In order for your car to keep running, it needs routine maintenance. This is true of everything in life, of course, from marriages to vehicles. To keep your car running and running well, you'll need to do the following things at regular intervals. The exact interval depends on your manufacturer's recommendations, but general intervals are given for reference.

1. Check Fluid Levels

The fluid levels in your car should be checked regularly. Most shops do this routinely when the car is brought in for any type of maintenance or repair. At home, at least monthly, you should check the following when the engine is cool and the car is not running:

  • Engine oil - pull the dipstick and wipe it clean, then re-insert it and pull it again. The oil should be relatively clean (not too black) and at the "full" mark on the stick.
  • Engine coolant - open the radiator cap (again, when the engine is COOL) and look inside. If you cannot see liquid, you need to add fluid. You can buy pre-mixed 50/50 antifreeze for this purpose.
  • Note that some vehicles have an overflow to the side that should also be checked. It will have a "full/empty" mark.
  • Transmission fluid - if applicable, usually only on vehicles with an automatic transmission. It will have a dipstick similar to the oil, but usually lower down into the engine and marked with a different color. Just like the oil, it should be clean (usually bright red) and full.
  • Windshield washer fluid - should be full. Top off as needed.
  • Brake fluid - the reservoir is likely clear, so you can look without opening it and see what level the fluid is at. Fill as needed and as your vehicle's specifications require.
  • Power steering fluid - if equipped, the reservoir is usually on top of the power steering pump. The cap usually twists off to reveal a dipstick for checking. It should be at the "full" mark.

2. Check the Brakes

Your brake pads should be routinely checked by someone qualified to do so. Your vehicle's brakes are it's top safety concern, so they should be checked at every oil change interval and replaced when the pads are getting thin and before they begin squeaking.

3. Check the Lights, Tires, and Other Safety Equipment

This is probably the most often overlooked safety check everyday drivers make. Professional drivers do this routinely (every day). At home, when you're checking the vehicle's fluids (above), also switch on the headlights, hazard lights (blinkers), etc. and check that all of them are working. Walk around the car and make sure the tail lights, side lamps, blinkers, etc. are all operating correctly.

Also check the tires to be sure they're properly inflated (the psi requirement will be on the sidewall, usually 32-35psi).

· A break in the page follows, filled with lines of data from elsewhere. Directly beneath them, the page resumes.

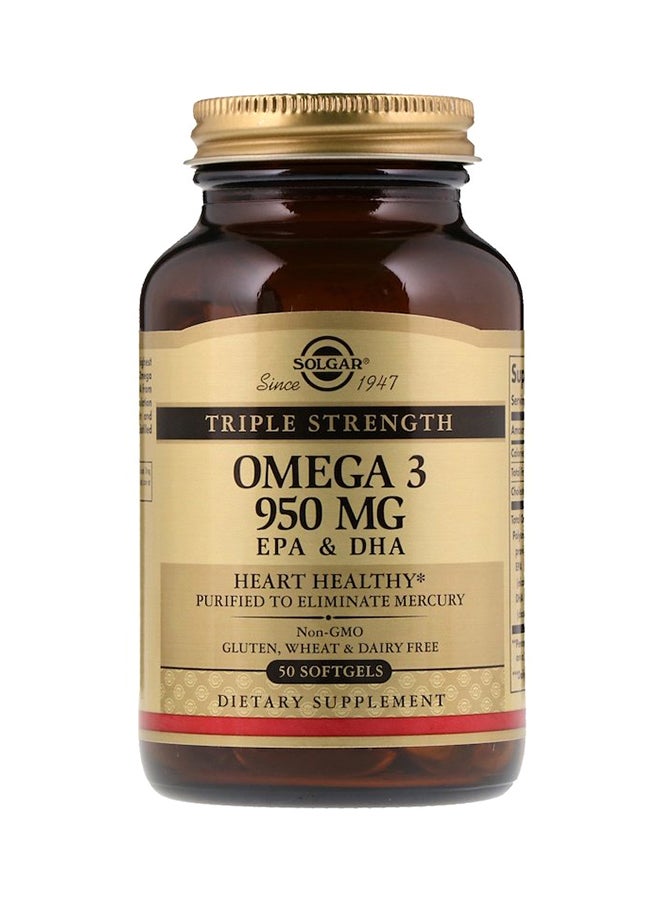 Solgar Triple Strength Omega 3 Dietary Supplement - Image 1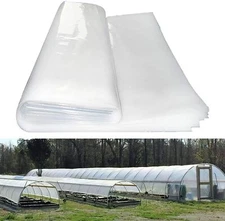 Greenhouse Plastic Cover Clear 6mil 5yr Poly Film 13-30 Widths x Various Lengths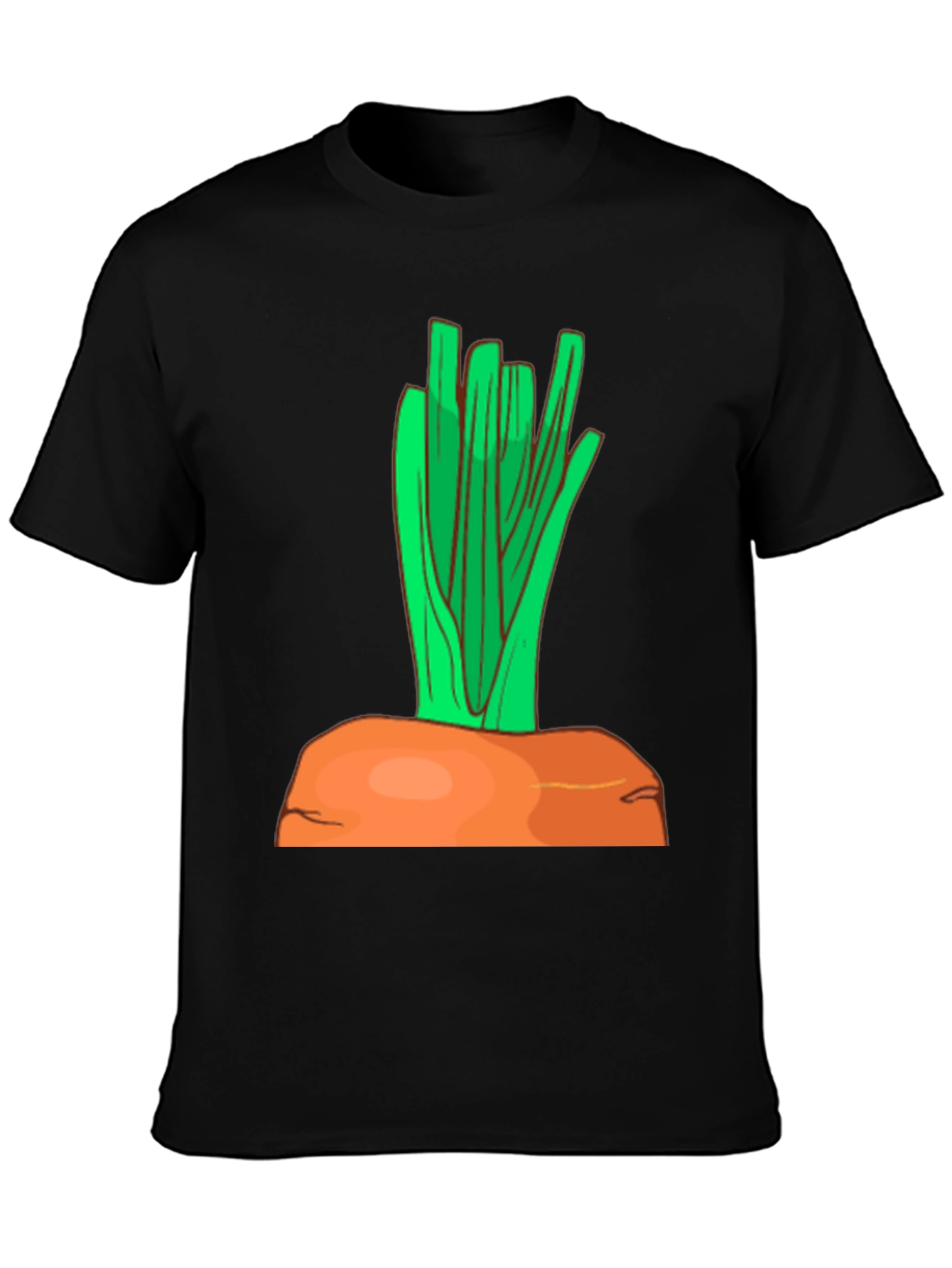 Funny Carrot Graphic T-Shirt - Vegetable Humor Tee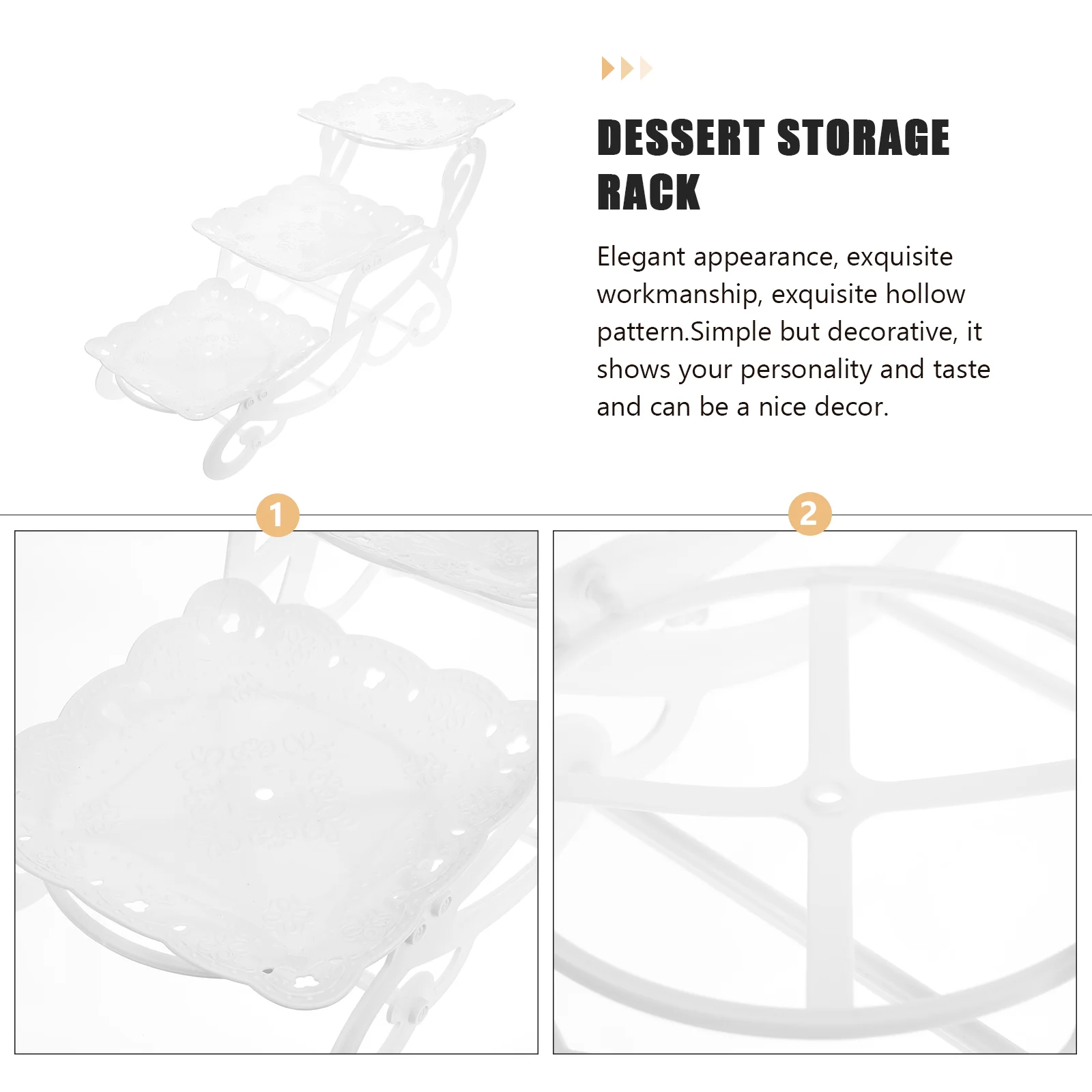 

1Set Cake Storage Rack Three Layers Decorative Display Stand Versatile Fruit Display Holder Dessert Serving Stand Home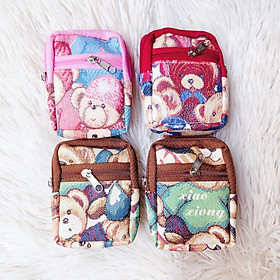 Móc khoá balo túi ví mini 3 ngăn khoá nhiều mẫu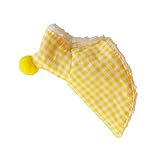 BUBEFSKD Cape de tête en coton pour perruche confortable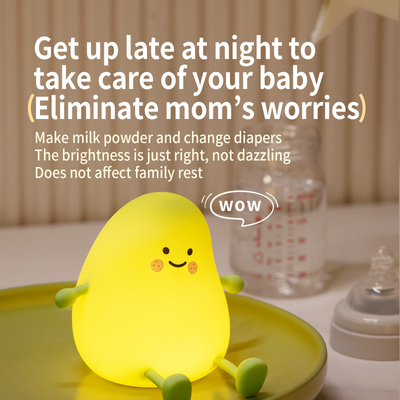 Lâmpada de noite de Mango Verde Nova Lâmpada de Mango Pequena Lâmpada de silicone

It's estimated that most drivers could save $80 in fuel annually if they kept their tires properly inflated. Also check tire wear and be sure that they are evenly worn and enough tread is still present. You should be able to stand a quarter upside down inside the tread's trench (at the center of the tire) and the "meat" should come up to Washington's head.

4. Oil and Filter Changes

Probably the number one most important maintenance item for keeping your vehicle running is the oil and oil filter change. Most vehicles require this at every 3,000 - 3,500 miles. The oil should be completely drained, the filter replaced with a new one, and new oil put back in. All according to your vehicle's specifications, of course.

5. Belts, Timing, Etc.

The belts that run the accessories on most vehicles (air conditioning, power steering, etc.) require regular checks to be sure they are not overly worn. They require replacement at regular intervals as well, usually every 20,000 miles or once every other year, depending on driving habits.

Timing belts or chains need routine checkups as well. Belts are often replaced at intervals of about 70,000-100,000 miles and chains occasionally require adjusting by a mechanic at these intervals as well.

6. Wiper Blades

In most parts of the U.S., these should be changed out once a year.

7. Tune Up

Nearly all vehicles need a tune up every year. This requires that spark plugs be replaced, plug wires replaced (in some cases), air filter be replaced, and the engine idle speed checked to be sure it's at optimum.

Doing these 7 simple things when required can keep most vehicles running strong for many thousands of miles. Most vehicles that are well cared for, no matter the make or model, are likely to have a lifespan beyond 200,000 miles.